To sustain his nuclear deal, President Obama appears to have made a Faustian bargain with the Iranian leaders: He turns a blind eye to Iran’s sponsorship of terrorism, repressive methods to crack down on social and political freedoms, egregious human rights abuses, while Iran verbally and on the surface, binds itself to the nuclear deal.

This week, Iran’s parliament passed a bill supporting the nuclear deal which was primarily reached between President Obama and the Islamic Republic. Some policy makers were surprised that Iran passed the bill. But why would Iranian leaders not sign a deal that would bring them financial rewards and allow them to be as repressive as they please both domestically and regionally? As I mentioned several weeks ago, it was easy to predict that the Iranian parliament (Majlis) would pass the deal to receive further rewards.

Simultaneously, Iran’s judiciary system has become more emboldened and empowered. This can be seen when they are issuing death sentences at unprecedented levels, particularly for children.  Last week, Iran’s Islamic court executed a juvenile offender on October 13, 2015 in Adelabad Prison, Shiraz. Fatemeh Salbehi, was arrested at the age of 16 because her husband was found dead at home.

She was 16 years old when she was forced into marriage to a man who was thirty. She had never met the man before their marriage.  According to a recent release by the UN Special Rapporteur on the situation of human rights in Iran, Ahmed Shaheed, “These executions are disturbing examples of surging execution rates and questionable fair trial standards in the Islamic Republic of Iran….The Iranian authorities must comply with its international law obligations and put an end to the execution of juvenile offenders once and for all.”

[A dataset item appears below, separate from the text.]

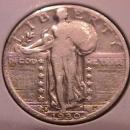 Standing Liberty Silver Quarter 1930-S Very Fine Condition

What is intriguing is that Iranian leaders used to take notice when there was an international outcry regarding a human rights or political prisoner case. They used to postpone the case, the execution, or do something to let the global pressure fade away.   But not anymore. In this case, Amnesty International, Amnesty USA, International human rights organizations, and the United Nations’ Office of the High Commissioner for Human Rights pressured the Islamic Republic to refrain from executing Ms. Salbehi and another young man.  But Iran’s answer was implicitly clear: We will execute anyone we like and no one can stop us now.

One must wonder how much the nuclear deal, President Obama’s unwillingness to criticize the Islamic Republic, and President Obama’s actions in legitimizing the Islamic Republic on the global stage have played a role in emboldening and empowering the ruling mullahs and the hardliners rather than influencing them to be more rational and civilized figures.

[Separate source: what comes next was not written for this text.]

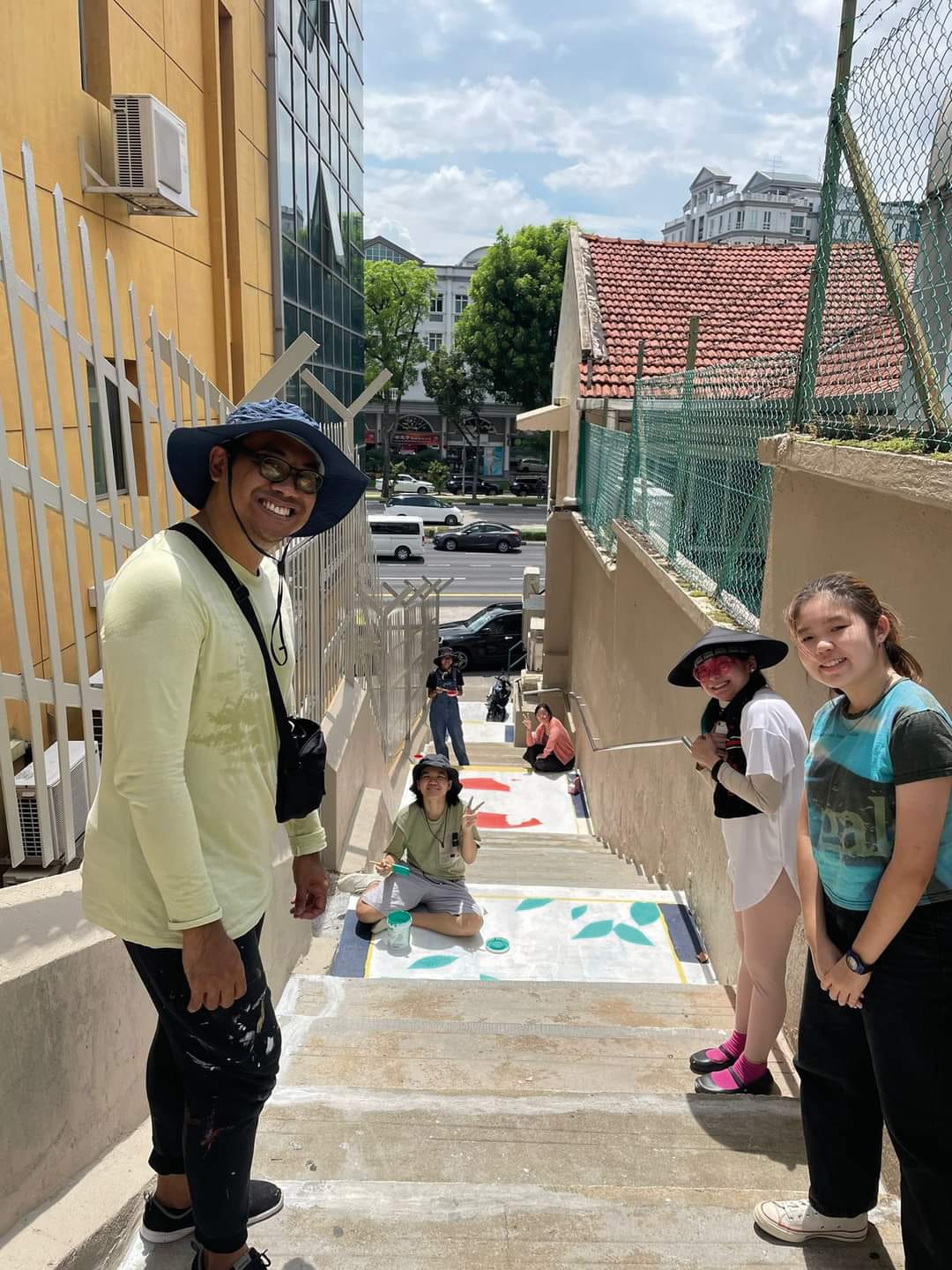 Photo of public artwork at Staircase along Upper Thomson Road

A week before the execution of Ms. Salbehi, another juvenile was executed. No notice was given to his family or even his attorney. The UN Special Rapporteur on summary executions, Christof Heyns, pointed out, “Let us be clear – these are unlawful killings committed by the State, the equivalent of murders performed by individuals…. These are profound tragedies that demean the value of human life and sully the reputation of the country,” He added “Iran must immediately stop killing children,”

More than 1,000 people will be executed in the year 2015. There has been a surprising rise in the number of executions since Iran scored a victory by signing the nuclear deal. Ms. Salbehi was one of the hundreds of women being executed on a regular basis based on Iran’s Shiite Islamist laws and on gender discrimination. These women are not allowed due process or adequate access to a lawyer. As the Office of the High Commissioner for Human Rights (OHCHR) warned when Ms. Salbehi was hanged on Tuesday, the execution was “in breach of international law banning juvenile executions, and despite reported flaws in her trial and appeal process.”

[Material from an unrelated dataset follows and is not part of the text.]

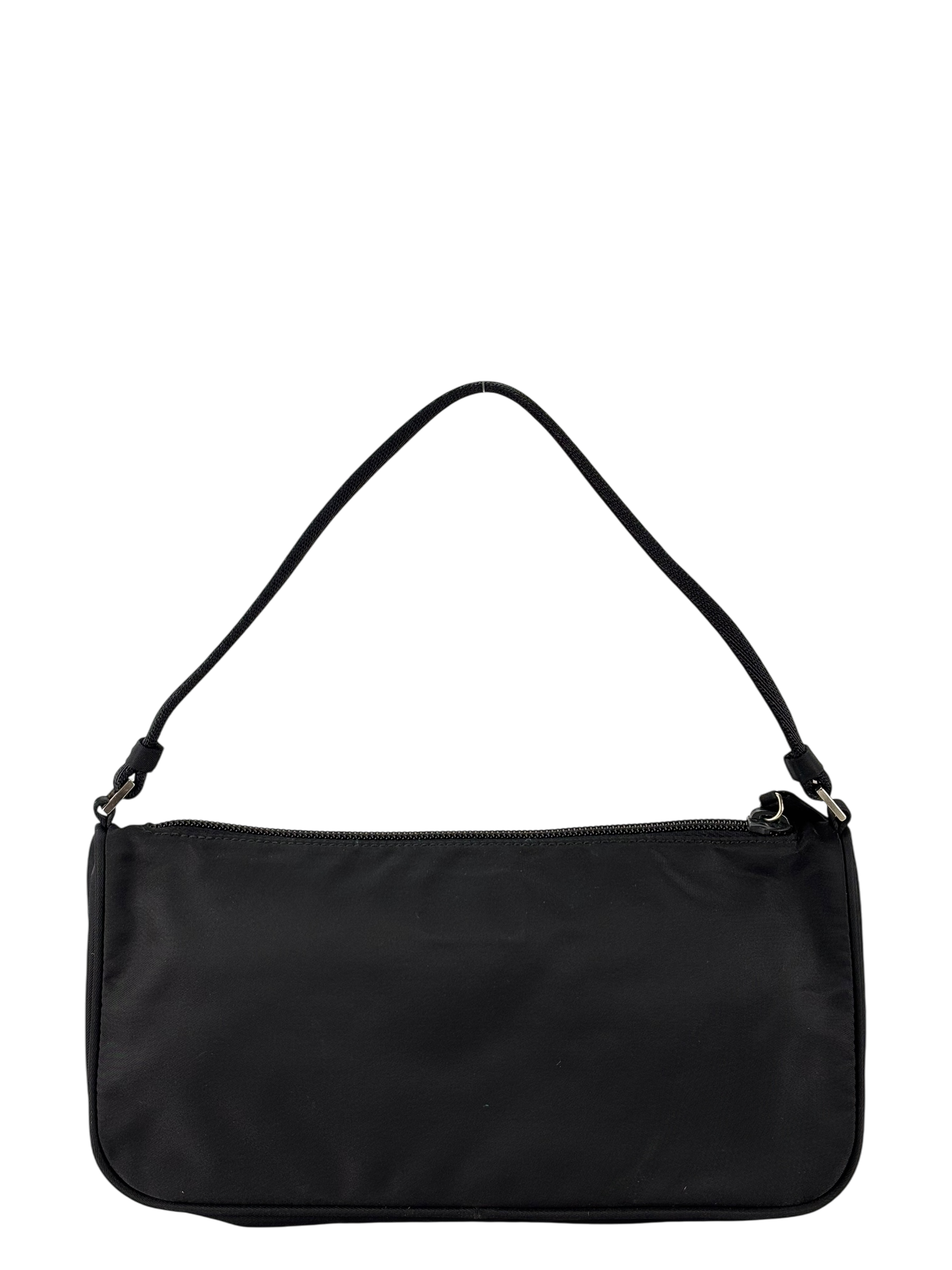 PRADA - Black Nylon Nero Pouch Handbag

Finally, It is crucial to point put that we are only hearing about a few cases of human rights violations; only a few of these shocking human rights abuses make their way to the international spotlight. As an Iranian human rights activist and lawyer, Shadi, told me on a phone call from Tehran, “Just step in the Islamic courts and you will see that there are tens of thousands of these cases, particularly regarding innocent women, which the media never hear about.”

Achieving his dream of signing a nuclear deal with Iran should not make President Obama silent about human rights violations, the ever increasing rate of child executions, and ongoing crimes against humanity.

Russia overrides Middle East cyber waves

October 26, 2015

Russia overrides Middle East cyber waves, DEBKAfile, October 26, 2015

Latakia_Habaniya480

Aloft over Syria, the IL-20 can supply Russian forces and commanders with a complete, detailed picture of the situation on the ground. Its close proximity to Israel, moreover, enables this wonder plane to scoop up a wealth of data from across the border – not just on IDF military movements on the Golan, but also to eavesdrop on electronic activity and conversations in Jerusalem, Military Staff Headquarters in Tel Aviv, Air Force bases in southern Israel and even the nuclear complex in Dimona in the Negev.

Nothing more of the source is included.